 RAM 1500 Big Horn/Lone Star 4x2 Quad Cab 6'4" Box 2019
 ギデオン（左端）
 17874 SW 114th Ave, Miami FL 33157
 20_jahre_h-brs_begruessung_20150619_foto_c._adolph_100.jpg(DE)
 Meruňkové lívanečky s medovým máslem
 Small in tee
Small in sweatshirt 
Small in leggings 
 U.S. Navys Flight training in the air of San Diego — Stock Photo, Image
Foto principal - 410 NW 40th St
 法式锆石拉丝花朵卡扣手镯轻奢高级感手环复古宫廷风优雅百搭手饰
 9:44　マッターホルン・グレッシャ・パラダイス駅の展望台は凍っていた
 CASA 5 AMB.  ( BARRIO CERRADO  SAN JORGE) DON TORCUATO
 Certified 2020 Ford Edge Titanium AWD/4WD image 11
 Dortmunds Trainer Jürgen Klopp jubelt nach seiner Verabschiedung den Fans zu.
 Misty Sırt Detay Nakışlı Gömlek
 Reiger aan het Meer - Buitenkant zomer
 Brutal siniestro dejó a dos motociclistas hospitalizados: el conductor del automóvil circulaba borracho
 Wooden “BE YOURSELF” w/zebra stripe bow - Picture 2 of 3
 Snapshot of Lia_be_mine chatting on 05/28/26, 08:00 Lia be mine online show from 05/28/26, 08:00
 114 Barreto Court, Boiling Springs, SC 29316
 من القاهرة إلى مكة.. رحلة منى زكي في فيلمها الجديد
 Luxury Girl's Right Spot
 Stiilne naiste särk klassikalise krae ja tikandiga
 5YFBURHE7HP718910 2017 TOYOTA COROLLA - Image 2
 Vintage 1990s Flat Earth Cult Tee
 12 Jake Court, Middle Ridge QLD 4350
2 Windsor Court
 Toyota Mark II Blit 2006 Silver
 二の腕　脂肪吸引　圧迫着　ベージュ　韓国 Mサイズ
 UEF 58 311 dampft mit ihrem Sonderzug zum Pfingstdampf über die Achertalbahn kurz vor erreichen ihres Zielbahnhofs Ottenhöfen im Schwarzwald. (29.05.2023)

● ● ● ●

# Exercise:
What you should output is every line of the records above, from the first through the line containing "Foto principal - 410 NW 40th St", unchanged.

# Written reply:
 RAM 1500 Big Horn/Lone Star 4x2 Quad Cab 6'4" Box 2019
 ギデオン（左端）
 17874 SW 114th Ave, Miami FL 33157
 20_jahre_h-brs_begruessung_20150619_foto_c._adolph_100.jpg(DE)
 Meruňkové lívanečky s medovým máslem
 Small in tee
Small in sweatshirt 
Small in leggings 
 U.S. Navys Flight training in the air of San Diego — Stock Photo, Image
Foto principal - 410 NW 40th St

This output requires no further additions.